Technology & auto spare parts drive air cargo growth
Hitendra Mankani, CCO, DB Schenker
With businesses across various sectors relying on air cargo to move a wide range of products within and out of the country. Some of the products that currently drive air cargo growth include pharma, consumer durables, and e-commerce. The pharma industry is one of the largest globally, with a significant portion destined for global markets. Advanced technology, auto spare parts, and specialty manufacturing goods are some of the future-ready commodities that drive air cargo growth. They are poised for growth due to India’s expanding manufacturing capabilities and India’s global trade routes. Changing trade policies can impact international supply chains by changing tariffs, regulations, and trade pacts. The uncertainty may lead to increased costs and logistical challenges. It is imperative for the govts to provide clarity and stability through transparent trade policies.”

Govt platform to connect exporters, global stakeholders
Rohit Gupta, Country Manager, Air & Ocean, Rhenus Logistics India
Currently, most of the cargo moving to and from India involves high-value commodities like electronics, pharmaceuticals, and perishable goods due to the need for speedy delivery and temperature control during transport. Indian trade policies have been evolving to enhance business and the economy. Recent initiatives demonstrate the countery’s emphasis to become a major player in global trade and to facilitate better integration into the global trading system. The government has launched platforms such as Trade Connect ePlatform to link Indian exporters with global stakeholders. Foreign Trade Policy
provides a framework for promoting exports and trade, aiming to improve India’s market share in existing markets and products, exploring new products and new markets. The government is focusing on promoting high-value-added exports where the country has a strong domestic manufacturing base.”

India can be export hub in IT, defence, pharma sectors
Sharmila H. Amin, Managing Director, South Asia India, Bertling Logistics India
Indian domestic air cargo market will be strong due to increased demand for consumer durables. In the time to come, India will become a big exports hub in IT, defence products, consumer durables, pharma and heavy lift industry will project growth. Social commerce is the practice of selling and buying products directly within social media platforms, such as Facebook, Instagram, or TikTok. Social commerce can leverage the power of social networks, influencers, and user-generated content to drive sales and awareness for brands. AI is reshaping e-commerce from back end of supply chain logistics to the front end. India exports pharma, tea, mangoes, coffee, spices, leather and leather goods among others while top Indian imports are crude oil, coal, diamonds, chemicals, among others. The job of trade policies is to regulate imports and exports to the benefit of the domestic economy.”
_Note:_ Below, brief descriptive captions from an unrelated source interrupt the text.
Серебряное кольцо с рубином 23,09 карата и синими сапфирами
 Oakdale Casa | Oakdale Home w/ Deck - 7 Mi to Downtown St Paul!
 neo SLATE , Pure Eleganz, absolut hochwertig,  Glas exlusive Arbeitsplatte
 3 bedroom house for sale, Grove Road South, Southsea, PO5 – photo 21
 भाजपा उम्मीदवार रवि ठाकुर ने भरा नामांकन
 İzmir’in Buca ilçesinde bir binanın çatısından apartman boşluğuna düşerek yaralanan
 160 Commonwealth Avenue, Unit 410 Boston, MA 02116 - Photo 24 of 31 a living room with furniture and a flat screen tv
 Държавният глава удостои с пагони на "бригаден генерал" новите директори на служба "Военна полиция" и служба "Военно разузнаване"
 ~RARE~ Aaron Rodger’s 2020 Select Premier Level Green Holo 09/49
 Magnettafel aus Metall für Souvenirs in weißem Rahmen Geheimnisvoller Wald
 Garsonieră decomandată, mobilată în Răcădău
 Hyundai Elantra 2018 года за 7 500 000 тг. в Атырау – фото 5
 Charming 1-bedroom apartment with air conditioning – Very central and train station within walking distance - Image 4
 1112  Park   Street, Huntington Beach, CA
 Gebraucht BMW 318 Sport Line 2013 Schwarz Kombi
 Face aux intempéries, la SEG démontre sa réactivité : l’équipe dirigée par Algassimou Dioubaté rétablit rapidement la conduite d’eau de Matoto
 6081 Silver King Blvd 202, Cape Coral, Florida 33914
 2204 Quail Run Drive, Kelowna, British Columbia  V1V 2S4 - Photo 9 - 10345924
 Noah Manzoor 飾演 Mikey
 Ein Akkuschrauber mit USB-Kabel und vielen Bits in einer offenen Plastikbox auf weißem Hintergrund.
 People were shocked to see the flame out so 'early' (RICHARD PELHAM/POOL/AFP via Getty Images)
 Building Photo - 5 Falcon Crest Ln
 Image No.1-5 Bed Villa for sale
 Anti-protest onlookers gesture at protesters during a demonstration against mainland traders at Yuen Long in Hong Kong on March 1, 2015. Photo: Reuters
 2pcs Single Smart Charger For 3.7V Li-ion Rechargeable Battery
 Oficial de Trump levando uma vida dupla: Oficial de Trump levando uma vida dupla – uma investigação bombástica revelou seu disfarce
Amending trade policies can impact supply chains
JB Singh, Director, MOVIN
The industry is witnessing a shift towards innovative products, reflecting the changing landscape of global trade and commerce. Cargo flow to and from India involves goods such as pharma, textiles, automotive components, and IT products. India imports machinery, electronic equipment, and oil. Air cargo plays a crucial role in ferrying time-sensitive products such as perishables and pharma, while sea transport handles bulk shipments. e-commerce has fuelled a surge in exports and imports. As India’s economy grows, the nature of cargo adapts to global demands. This movement reflects the nation’s role in the global supply chain, linking industries and markets worldwide. Amending trade policies can impact supply chains with shifts in tariffs, regulations, or trade pacts, disrupting supply routes, influencing production costs. Firms might re-evaluate suppliers and logistics, leading to localisation of supply chains.”